Ein Toto-Gewinn brachte schließlich das Glück zu Edwards und Steptoe. 800 Pfund hatte der Lastwagenfahrer John Brown aus Bristol im Fußball-Toto gewonnen, als er 1976 beschloss, mit diesem Geld einen letzten Versuch zu starten, doch noch Vater zu werden. Neun Jahre lang hatten er und seine Freu Lesley zuvor vergeblich versucht, ein Kind zu zeugen, aber auf natürlichem Wege wollte es nicht klappen.

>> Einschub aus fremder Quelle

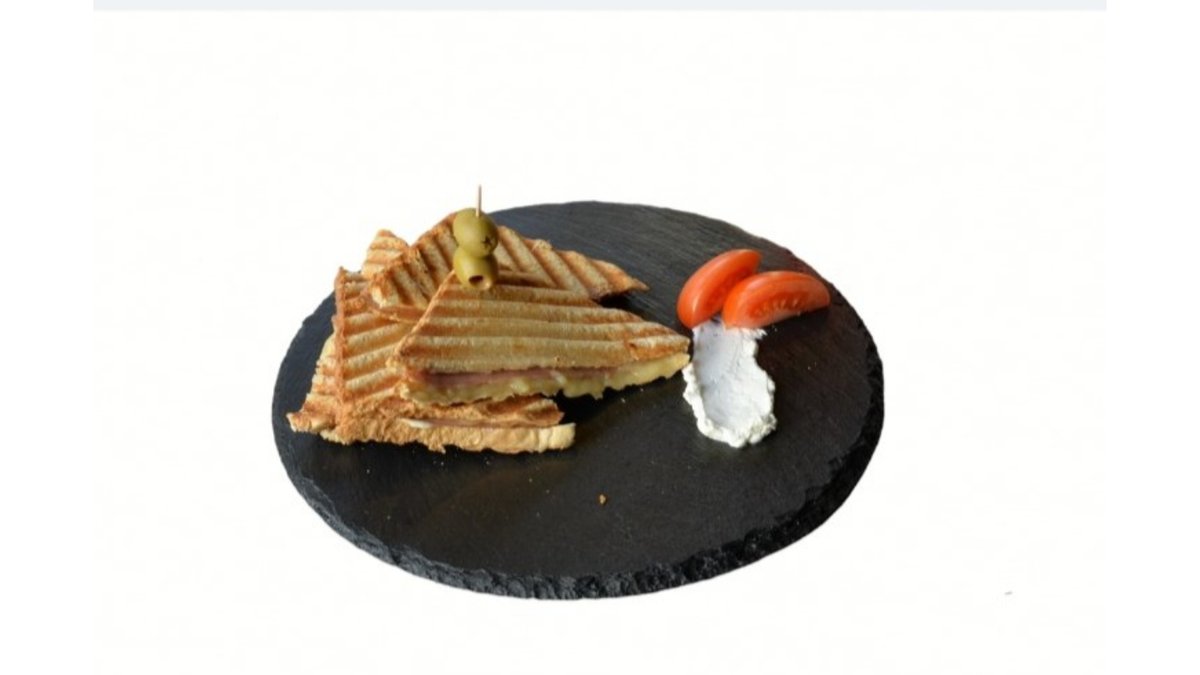 Topli tost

Schnell wurden sich die Browns mit Edwards einig, eine künstliche Befruchtung zu versuchen. Allerdings sagte der sonst in ethischen Fragen so anspruchsvolle Edwards dem Ehepaar nicht, dass auf diese Art nie zuvor ein Baby entstanden war. Als John Brown seine Geschichte im Pub erzählte, war es mit der ungetrübten Freude über seine Vaterschaft vorbei. Reporter belagerten die werdende Familie, so dass Patrick Steptoe die schwangere Lesley Brown schließlich bei seiner Schwester auf dem Land versteckte.

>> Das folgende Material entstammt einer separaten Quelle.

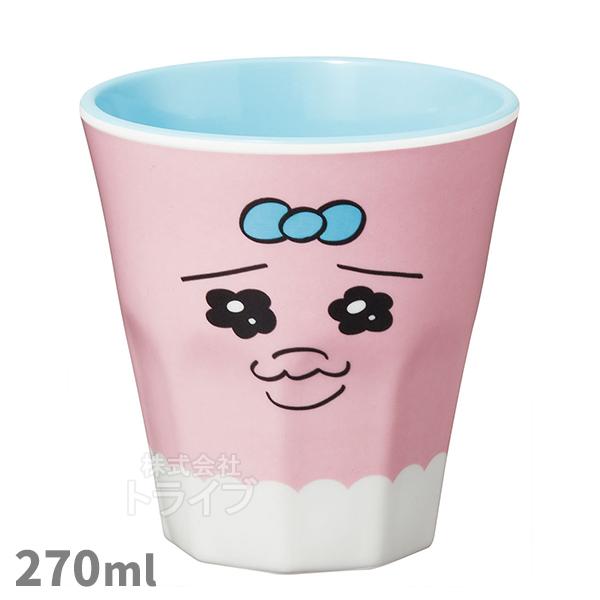 おぱんちゅうさぎ メラミン タンブラー MTB2 643392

Heute wird Robert Edwards selbst abgeschirmt. Interviews will und kann er, der noch als 80-Jähriger Kongresse besuchte und laut Christian Thaler "das Feld mit seinen Ideen bereichert hat", keine mehr geben. Auch zur Preisverleihung am 10. Dezember, sagen Vertraute, wird er es kaum nach Stockholm schaffen. Aber wie klein ist auch ein Nobelpreis, wenn ein Leben auf fünf leibliche Kinder, elf Enkel und mehr als vier Millionen wissenschaftliche Kinder zurückblicken kann.